On August 19, 2022, three federal agencies tasked with adopting regulations for the No Surprises Act (“NSA”) issued a highly anticipated Final Rule implementing key aspects of the NSA’s independent dispute resolution (“IDR”) process. Under the Final Rule, the neutrals who decide reimbursement disputes, known as IDR entities, are required to determine what dollar amount best represents the “value” of the health care service after considering all permissible information submitted by the disputing parties. The Final Rule will become effective 60 days from the date of publication in the Federal Register.

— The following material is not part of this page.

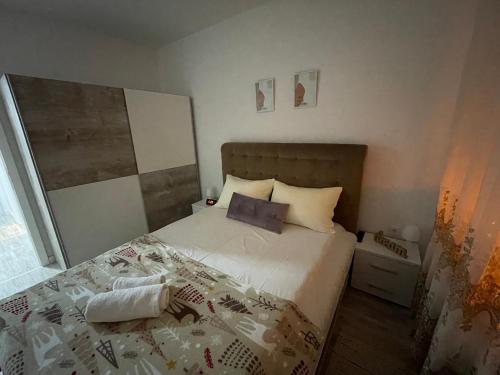 una camera da letto con un letto grande con un piumone di PANORAMA Apartment Sombor a Sombor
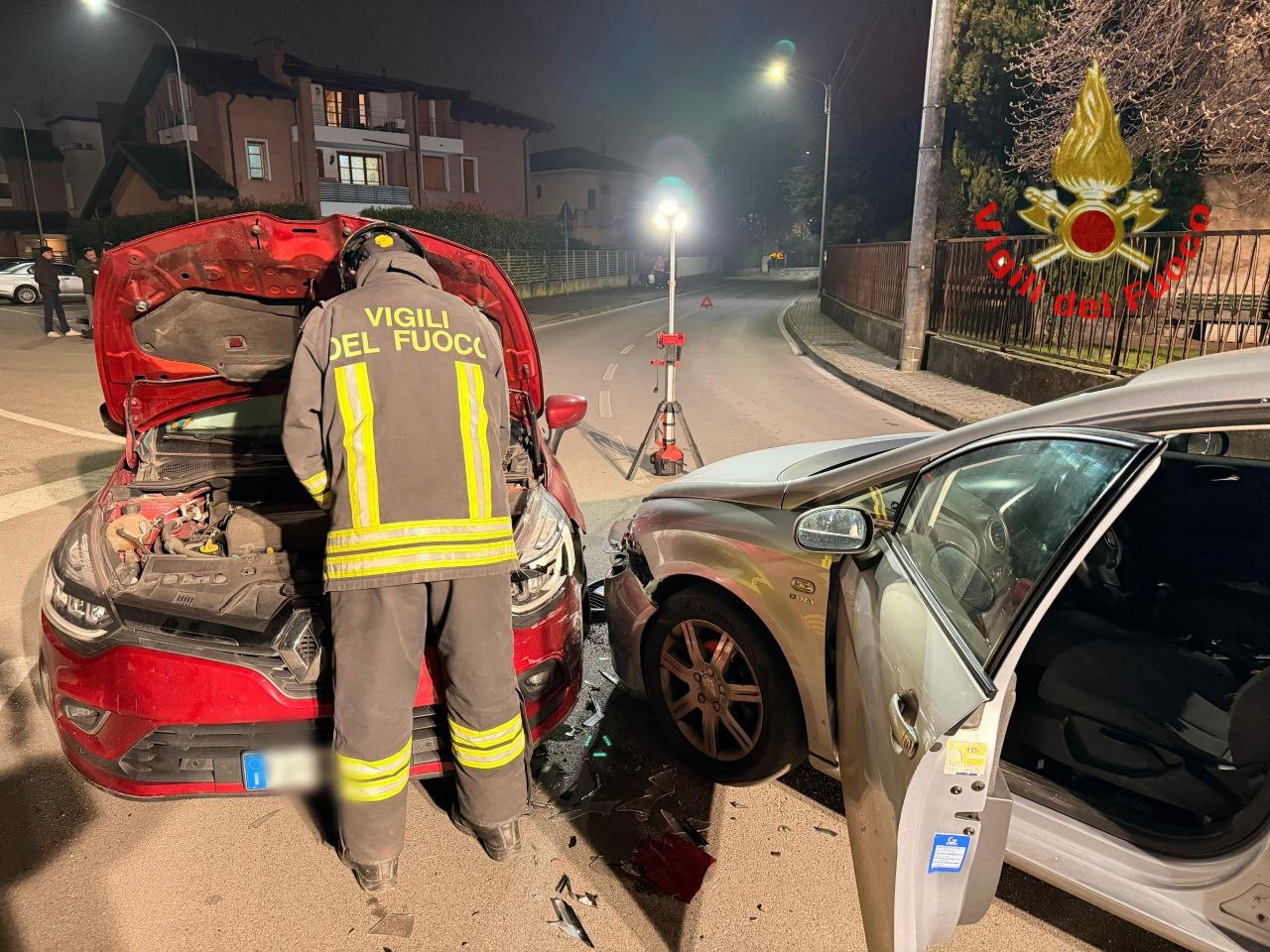 Scontro tra due auto, arrivano i pompieri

The Final Rule modifies portions of a controversial Interim Final Rule published in October of last year that was the subject of significant criticism and litigation. The Interim Final Rule required IDR entities to begin with a starting presumption that an insurer’s unilaterally calculated median contracted rate, known as the “qualifying payment amount” (“QPA”), was the appropriate level of reimbursement for out-of-network health care services. Under this presumption, IDR entities were instructed not to deviate from the QPA absent credible evidence showing that the QPA was “materially different” from the appropriate rate. Stakeholders challenged the Interim Final Rule in courts across the country because the NSA sets forth specific factors that IDR entities “shall” consider when determining appropriate out-of-network rates during the IDR process, and Congress chose not to impose any more or less weight to any of these factors. A federal court in Texas ultimately ruled that the Interim Final Rule rewrote clear statutory terms, and the offending portions were therefore unlawful and must be vacated on a nationwide basis, which we discussed in our previous client alerts linked here and here. The Final Rule addresses these deficiencies by making clear that IDR entities should determine the out-of-network rate during the IDR process by selecting the offer “that best represents the value of the item or service under dispute after considering the QPA and all permissible information submitted by the parties.”
The Final Rule also incorporates new requirements intended to promote transparency, consistency and predictability in the IDR process. The Final Rule provides additional disclosure requirements related to cases involving “downcoding,” a practice by which an insurer alters a service code or changes, removes or adds a modifier, resulting in a lower QPA than the service code or modifier originally billed. Under the Final Rule, if an insurer downcodes a billed claim and asserts the corresponding QPA is the correct total payment amount, the insurer must explain in its initial payment or notice of denial of payment what was downcoded and what the QPA would have been on the code(s) and/or modifiers originally billed. The Final Rule also requires IDR entities to issue written decisions for all cases, explaining the information they relied upon in determining which offer represented the best value of the service at issue. The written decisions must include a description of the weight the IDR entity gave to the QPA and any additional information submitted by the parties.
Unfortunately, many questions related to how the IDR process is supposed to function are left unanswered by the Final Rule, and stakeholders must continue to wait for further guidance through rulemaking on aspects of the IDR process that are currently causing confusion. For example, some questions remain as to the NSA’s requirements for claim batching in the IDR process, and how the 90-day “cooling off” period following an IDR decision will apply in practice.
In the meantime, providers continue to initiate a significant volume of out-of-network reimbursement disputes using the federal IDR process. The tri-agencies have reported that the total number of disputes initiated during the first quarter of 2022 exceeds 46,000, nearly three times the amount the tri-agencies expected for an entire year. Consequently, several IDR entities have fallen behind and are not keeping up with the deadlines they are expected to follow, leaving health care providers not only with underpaid claims but also delayed payments of fair reimbursement for out-of-network health care services.